§ Instructions to follow:
From the entries below, copy every line where the string "large" appears.

§ Record extracts:
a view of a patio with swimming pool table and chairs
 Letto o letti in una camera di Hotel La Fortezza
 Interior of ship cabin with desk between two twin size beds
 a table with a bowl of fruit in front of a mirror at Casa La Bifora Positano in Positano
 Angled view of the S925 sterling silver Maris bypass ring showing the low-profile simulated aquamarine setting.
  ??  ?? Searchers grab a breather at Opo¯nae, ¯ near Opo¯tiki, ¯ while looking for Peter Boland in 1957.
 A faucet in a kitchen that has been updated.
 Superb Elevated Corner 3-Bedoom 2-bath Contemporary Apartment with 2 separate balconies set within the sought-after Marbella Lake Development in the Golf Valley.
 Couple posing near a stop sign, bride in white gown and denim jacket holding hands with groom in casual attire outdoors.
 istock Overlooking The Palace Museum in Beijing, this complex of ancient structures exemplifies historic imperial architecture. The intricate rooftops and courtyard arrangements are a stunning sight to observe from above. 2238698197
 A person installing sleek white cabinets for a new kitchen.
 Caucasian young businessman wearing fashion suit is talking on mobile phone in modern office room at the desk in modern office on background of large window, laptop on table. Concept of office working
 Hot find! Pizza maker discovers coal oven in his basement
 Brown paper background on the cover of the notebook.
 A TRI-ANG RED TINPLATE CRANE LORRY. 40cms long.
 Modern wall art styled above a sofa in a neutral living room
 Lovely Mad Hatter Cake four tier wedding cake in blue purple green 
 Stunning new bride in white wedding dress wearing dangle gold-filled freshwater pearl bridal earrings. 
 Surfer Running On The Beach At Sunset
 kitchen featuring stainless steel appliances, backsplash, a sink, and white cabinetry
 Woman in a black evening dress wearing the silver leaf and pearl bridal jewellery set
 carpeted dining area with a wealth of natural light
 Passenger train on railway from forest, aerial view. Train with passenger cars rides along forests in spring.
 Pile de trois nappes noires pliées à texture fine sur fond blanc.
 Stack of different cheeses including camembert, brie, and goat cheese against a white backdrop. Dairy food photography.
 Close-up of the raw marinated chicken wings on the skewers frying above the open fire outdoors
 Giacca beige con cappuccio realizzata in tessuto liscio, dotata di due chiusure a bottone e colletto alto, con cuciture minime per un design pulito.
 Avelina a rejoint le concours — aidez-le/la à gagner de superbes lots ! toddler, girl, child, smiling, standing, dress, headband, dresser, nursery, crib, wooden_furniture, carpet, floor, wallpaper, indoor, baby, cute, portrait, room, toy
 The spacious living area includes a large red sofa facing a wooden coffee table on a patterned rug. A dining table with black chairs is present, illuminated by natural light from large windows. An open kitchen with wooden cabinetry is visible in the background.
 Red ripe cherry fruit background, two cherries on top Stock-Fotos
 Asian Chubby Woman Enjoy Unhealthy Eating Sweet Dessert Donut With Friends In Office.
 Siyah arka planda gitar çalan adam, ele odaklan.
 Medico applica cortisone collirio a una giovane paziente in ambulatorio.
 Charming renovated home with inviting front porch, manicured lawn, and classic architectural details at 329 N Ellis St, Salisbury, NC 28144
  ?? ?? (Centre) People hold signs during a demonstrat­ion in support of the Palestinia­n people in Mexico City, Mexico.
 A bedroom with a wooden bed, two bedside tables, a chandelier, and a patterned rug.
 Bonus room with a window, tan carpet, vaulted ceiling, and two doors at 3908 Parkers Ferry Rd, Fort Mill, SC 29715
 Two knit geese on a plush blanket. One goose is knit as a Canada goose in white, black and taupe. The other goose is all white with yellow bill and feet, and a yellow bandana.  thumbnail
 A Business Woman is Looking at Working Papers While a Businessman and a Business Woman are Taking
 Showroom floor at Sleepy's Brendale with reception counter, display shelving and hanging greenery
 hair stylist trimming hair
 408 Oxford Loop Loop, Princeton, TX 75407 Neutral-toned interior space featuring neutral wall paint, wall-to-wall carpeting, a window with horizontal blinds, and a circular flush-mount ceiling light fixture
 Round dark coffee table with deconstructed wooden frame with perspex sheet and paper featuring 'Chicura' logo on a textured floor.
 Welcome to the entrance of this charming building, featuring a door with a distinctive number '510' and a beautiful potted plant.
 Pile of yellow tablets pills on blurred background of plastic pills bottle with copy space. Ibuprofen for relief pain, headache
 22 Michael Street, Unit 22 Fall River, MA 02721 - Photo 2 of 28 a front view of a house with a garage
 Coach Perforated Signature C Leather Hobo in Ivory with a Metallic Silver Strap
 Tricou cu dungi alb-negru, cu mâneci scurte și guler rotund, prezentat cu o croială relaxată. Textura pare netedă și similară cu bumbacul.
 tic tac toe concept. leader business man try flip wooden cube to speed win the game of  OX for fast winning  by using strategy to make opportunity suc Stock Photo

§ Response:
 Caucasian young businessman wearing fashion suit is talking on mobile phone in modern office room at the desk in modern office on background of large window, laptop on table. Concept of office working
 The spacious living area includes a large red sofa facing a wooden coffee table on a patterned rug. A dining table with black chairs is present, illuminated by natural light from large windows. An open kitchen with wooden cabinetry is visible in the background.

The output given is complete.